The U.S. is quickly ramping up oil sales to China, the world’s biggest importer, forcing traditional suppliers in the Mideast to look for new markets or hold on to their crude in an already oversupplied world.
The U.S. accounted for 7% of Chinese crude imports through mid-September, according to London-based market intelligence firm Vortexa Ltd—up from 0.4% in January. Meanwhile, market share for Saudi Arabia, China’s biggest traditional supplier, fell to 15% from 19% in the same period. Based on recent tanker data, U.S. exports to China are expected to reach as much as 700,000 barrels a day at the end of October, forecasts Virginie Bahnik, a senior analyst at Geneva-based Petro-Logistics SA.

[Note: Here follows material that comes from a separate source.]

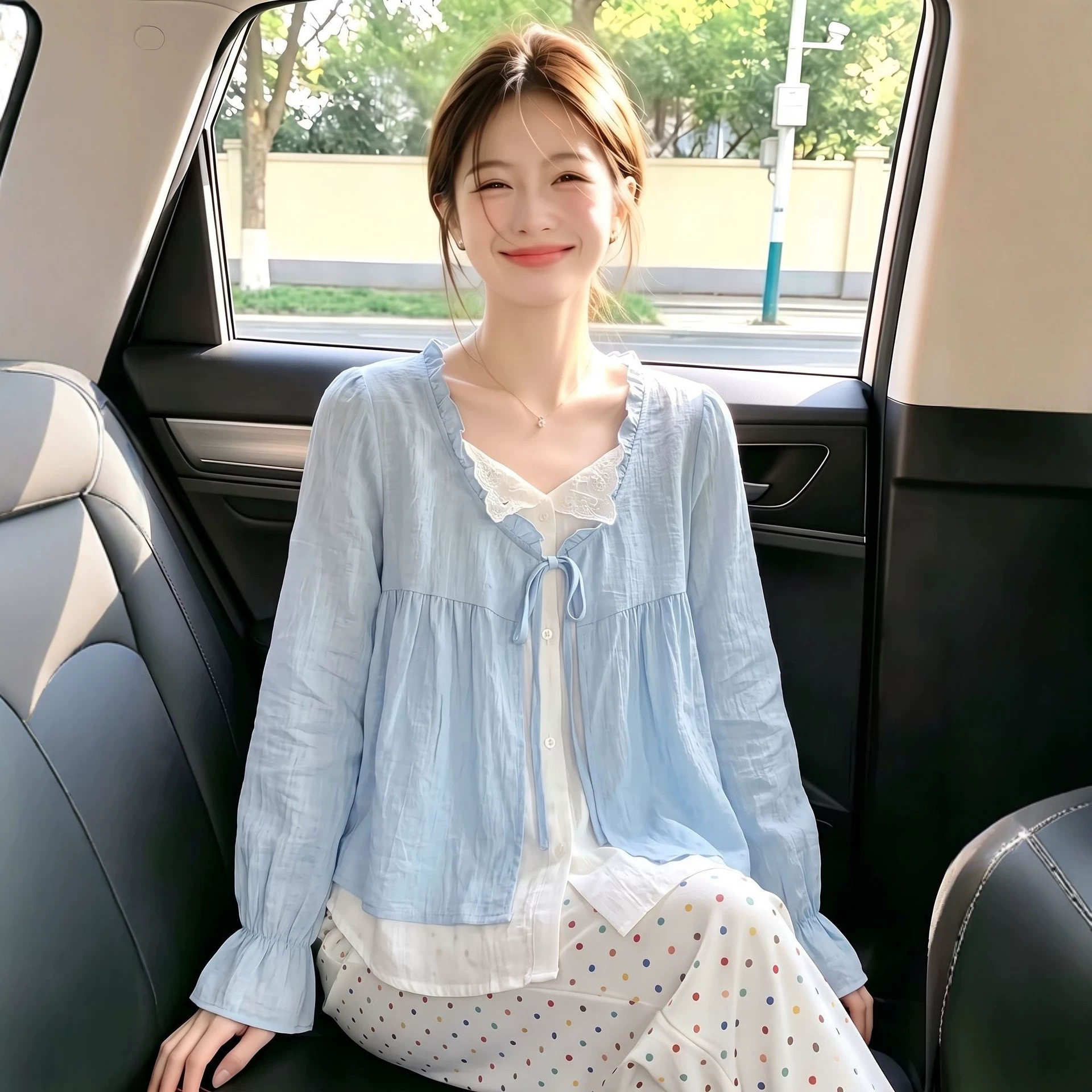 木耳边v领喇叭袖衬衫女春季设计感甜美娃娃衫假两件上衣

Earlier this year, China agreed to buy U.S. crude as part of a broader deal meant to ease rising trade tensions between the two world powers. The Trump administration agreed to cut some tariffs on Chinese goods in exchange for purchases of American farm, energy and manufacturing exports.
China’s buying so far is a long way from fulfilling commitments made in that deal, and to some extent it is simply restoring crude flows that were cut off amid the earlier U.S.-China trade tensions. As part of a deal, Beijing agreed in January to buy $52.4 billion worth of oil and liquefied-natural-gas from the U.S. by the end of 2021. The buying was delayed by the outbreak of the Covid-19 pandemic, but has ratcheted up more recently.
“The Chinese had to catch up,” said Petro-Logistics Chief Executive Daniel Gerber. That is now upending traditional oil-trade routes world-wide and further depressing some prices. Global prices have been hammered by falling demand caused by the pandemic.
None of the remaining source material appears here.